[EXERCISE GOAL]: Only the lines below between the ones containing "<address>Chair of the" and "1060 N Washington", inclusive, are to be reproduced, each exactly as it stands.

───── PROVIDED DATA ─────

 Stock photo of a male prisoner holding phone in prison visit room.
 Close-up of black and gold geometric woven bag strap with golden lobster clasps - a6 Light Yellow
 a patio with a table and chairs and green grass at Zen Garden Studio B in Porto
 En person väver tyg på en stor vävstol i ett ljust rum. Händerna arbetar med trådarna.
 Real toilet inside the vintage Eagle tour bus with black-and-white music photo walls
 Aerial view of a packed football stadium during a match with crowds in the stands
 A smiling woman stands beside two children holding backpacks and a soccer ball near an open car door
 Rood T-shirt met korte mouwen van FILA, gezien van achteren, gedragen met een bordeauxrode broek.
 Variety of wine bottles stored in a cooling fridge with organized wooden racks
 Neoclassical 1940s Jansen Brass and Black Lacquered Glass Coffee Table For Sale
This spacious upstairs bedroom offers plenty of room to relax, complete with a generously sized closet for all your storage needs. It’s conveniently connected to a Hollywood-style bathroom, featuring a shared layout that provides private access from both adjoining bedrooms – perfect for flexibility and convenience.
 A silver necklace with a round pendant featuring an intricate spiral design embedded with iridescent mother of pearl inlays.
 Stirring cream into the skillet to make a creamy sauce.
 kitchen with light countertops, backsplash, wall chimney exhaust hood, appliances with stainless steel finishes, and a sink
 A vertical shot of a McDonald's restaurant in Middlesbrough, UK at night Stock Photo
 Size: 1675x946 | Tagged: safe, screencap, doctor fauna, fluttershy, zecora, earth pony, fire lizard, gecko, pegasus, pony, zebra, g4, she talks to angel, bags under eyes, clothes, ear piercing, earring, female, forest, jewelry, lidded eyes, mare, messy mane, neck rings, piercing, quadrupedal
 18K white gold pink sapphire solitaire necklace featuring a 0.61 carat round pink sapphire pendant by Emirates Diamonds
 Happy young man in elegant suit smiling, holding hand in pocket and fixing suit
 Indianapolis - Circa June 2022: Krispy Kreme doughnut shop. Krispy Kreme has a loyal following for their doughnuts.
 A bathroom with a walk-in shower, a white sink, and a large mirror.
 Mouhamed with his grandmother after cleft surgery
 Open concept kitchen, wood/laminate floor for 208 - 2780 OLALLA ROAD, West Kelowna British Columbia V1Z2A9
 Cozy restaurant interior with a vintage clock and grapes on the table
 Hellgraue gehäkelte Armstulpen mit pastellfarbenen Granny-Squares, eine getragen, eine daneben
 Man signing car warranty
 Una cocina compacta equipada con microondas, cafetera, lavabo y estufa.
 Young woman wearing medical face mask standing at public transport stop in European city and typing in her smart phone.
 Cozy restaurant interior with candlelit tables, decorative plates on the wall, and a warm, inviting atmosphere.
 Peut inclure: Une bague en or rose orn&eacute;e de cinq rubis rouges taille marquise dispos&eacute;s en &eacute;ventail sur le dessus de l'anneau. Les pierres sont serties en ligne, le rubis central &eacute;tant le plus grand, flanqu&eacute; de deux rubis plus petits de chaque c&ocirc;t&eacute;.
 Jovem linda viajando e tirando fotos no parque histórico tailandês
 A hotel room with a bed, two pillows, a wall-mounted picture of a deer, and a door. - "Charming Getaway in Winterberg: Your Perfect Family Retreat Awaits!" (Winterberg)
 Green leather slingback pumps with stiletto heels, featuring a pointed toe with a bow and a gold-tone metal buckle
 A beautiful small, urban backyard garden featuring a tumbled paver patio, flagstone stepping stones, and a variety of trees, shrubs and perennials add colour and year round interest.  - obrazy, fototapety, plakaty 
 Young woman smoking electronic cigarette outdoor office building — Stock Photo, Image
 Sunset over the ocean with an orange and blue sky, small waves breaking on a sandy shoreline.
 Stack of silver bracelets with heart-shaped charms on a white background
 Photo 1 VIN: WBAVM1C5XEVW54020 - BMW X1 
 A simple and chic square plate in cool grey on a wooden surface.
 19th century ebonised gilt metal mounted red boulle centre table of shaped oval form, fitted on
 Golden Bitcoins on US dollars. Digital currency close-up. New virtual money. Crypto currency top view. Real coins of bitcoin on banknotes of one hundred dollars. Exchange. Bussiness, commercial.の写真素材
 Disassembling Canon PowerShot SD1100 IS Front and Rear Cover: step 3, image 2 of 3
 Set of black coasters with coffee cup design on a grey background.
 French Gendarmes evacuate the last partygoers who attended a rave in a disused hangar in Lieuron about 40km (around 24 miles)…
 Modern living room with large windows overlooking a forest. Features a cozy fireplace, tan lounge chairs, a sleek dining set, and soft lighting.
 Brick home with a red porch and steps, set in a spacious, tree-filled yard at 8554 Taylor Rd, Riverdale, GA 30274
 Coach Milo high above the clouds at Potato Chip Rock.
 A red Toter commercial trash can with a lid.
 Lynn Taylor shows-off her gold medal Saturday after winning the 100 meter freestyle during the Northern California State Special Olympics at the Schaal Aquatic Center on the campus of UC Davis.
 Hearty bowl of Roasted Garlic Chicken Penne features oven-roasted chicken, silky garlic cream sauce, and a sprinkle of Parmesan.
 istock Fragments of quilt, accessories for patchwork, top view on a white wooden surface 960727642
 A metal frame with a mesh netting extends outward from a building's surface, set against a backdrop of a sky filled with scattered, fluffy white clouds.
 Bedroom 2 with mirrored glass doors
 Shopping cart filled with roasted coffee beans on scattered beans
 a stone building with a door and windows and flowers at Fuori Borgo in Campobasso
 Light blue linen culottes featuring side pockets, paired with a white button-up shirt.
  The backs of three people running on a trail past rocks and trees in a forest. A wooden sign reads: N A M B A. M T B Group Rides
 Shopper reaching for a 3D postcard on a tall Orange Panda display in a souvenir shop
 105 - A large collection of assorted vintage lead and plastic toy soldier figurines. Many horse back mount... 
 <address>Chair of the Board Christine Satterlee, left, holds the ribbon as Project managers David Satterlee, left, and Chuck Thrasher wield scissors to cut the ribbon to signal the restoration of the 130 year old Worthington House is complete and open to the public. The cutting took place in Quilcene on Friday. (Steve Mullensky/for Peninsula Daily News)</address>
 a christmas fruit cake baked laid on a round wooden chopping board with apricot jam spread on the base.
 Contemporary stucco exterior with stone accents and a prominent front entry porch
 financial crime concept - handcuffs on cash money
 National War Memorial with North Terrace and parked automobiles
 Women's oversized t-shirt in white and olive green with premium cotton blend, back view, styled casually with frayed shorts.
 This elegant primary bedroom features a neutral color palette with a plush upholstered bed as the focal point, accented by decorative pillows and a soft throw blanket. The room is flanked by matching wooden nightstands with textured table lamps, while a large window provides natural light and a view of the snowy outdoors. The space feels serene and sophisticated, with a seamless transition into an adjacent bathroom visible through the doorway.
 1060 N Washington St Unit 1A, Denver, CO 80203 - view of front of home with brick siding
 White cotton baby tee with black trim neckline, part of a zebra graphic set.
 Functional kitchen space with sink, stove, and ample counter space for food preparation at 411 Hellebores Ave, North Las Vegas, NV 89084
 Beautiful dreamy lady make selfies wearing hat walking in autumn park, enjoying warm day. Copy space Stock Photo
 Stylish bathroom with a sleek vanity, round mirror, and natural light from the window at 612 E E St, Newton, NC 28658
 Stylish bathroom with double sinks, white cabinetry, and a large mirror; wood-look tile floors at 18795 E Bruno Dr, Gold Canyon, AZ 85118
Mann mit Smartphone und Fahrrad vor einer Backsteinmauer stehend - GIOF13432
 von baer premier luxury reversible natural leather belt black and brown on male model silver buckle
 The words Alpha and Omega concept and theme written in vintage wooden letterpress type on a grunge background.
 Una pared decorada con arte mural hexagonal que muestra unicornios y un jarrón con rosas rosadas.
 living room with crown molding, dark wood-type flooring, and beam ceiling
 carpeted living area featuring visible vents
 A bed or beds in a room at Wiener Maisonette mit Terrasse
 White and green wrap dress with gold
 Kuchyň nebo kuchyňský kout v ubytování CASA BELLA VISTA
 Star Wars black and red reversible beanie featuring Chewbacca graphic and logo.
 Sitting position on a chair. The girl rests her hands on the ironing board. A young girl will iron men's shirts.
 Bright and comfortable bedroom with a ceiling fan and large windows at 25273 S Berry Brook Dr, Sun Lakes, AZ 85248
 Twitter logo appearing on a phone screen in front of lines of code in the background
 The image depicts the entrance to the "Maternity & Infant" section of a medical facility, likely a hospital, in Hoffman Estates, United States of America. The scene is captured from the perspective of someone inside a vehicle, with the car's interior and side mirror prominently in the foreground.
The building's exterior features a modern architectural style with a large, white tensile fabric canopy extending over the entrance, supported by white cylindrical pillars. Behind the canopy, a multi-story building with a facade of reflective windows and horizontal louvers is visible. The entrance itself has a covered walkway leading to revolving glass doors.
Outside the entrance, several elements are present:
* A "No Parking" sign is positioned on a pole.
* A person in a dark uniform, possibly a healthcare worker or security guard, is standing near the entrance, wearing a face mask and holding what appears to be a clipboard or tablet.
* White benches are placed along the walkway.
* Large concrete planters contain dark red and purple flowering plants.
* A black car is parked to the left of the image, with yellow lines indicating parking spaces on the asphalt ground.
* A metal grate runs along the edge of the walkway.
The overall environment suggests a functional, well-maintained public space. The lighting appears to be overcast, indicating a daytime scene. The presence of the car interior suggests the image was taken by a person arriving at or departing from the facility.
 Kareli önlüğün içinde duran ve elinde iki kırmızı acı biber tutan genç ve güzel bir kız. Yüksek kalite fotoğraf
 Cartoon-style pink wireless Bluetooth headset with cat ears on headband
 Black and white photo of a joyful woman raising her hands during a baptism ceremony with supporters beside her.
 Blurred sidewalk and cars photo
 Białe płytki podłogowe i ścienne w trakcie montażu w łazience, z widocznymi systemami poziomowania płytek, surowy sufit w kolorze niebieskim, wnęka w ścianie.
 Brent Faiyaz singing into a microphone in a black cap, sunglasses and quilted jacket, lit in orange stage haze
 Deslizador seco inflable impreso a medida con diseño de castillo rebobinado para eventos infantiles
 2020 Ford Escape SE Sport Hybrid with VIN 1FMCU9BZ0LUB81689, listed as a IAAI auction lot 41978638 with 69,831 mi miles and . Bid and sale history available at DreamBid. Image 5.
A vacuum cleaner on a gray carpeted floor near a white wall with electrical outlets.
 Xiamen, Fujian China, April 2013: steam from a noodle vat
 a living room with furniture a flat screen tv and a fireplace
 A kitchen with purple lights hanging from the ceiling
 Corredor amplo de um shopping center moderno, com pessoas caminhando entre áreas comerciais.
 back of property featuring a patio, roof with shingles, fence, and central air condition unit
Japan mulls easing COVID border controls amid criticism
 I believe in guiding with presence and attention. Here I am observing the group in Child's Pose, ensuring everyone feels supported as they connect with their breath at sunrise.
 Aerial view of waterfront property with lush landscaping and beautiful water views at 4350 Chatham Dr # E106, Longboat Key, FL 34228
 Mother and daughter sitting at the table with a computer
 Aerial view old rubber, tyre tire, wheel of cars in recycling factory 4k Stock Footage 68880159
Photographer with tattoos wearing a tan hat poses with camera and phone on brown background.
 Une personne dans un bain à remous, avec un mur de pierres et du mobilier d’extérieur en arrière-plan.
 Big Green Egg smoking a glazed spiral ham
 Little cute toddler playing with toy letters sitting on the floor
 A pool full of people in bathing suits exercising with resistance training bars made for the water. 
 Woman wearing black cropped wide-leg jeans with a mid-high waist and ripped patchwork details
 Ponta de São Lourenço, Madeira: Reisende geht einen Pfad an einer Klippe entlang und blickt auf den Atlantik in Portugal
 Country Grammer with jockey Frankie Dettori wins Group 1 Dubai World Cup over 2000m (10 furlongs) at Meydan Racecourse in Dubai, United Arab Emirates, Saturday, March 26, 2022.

─────

[EXERCISE RESPONSE]:
 <address>Chair of the Board Christine Satterlee, left, holds the ribbon as Project managers David Satterlee, left, and Chuck Thrasher wield scissors to cut the ribbon to signal the restoration of the 130 year old Worthington House is complete and open to the public. The cutting took place in Quilcene on Friday. (Steve Mullensky/for Peninsula Daily News)</address>
 a christmas fruit cake baked laid on a round wooden chopping board with apricot jam spread on the base.
 Contemporary stucco exterior with stone accents and a prominent front entry porch
 financial crime concept - handcuffs on cash money
 National War Memorial with North Terrace and parked automobiles
 Women's oversized t-shirt in white and olive green with premium cotton blend, back view, styled casually with frayed shorts.
 This elegant primary bedroom features a neutral color palette with a plush upholstered bed as the focal point, accented by decorative pillows and a soft throw blanket. The room is flanked by matching wooden nightstands with textured table lamps, while a large window provides natural light and a view of the snowy outdoors. The space feels serene and sophisticated, with a seamless transition into an adjacent bathroom visible through the doorway.
 1060 N Washington St Unit 1A, Denver, CO 80203 - view of front of home with brick siding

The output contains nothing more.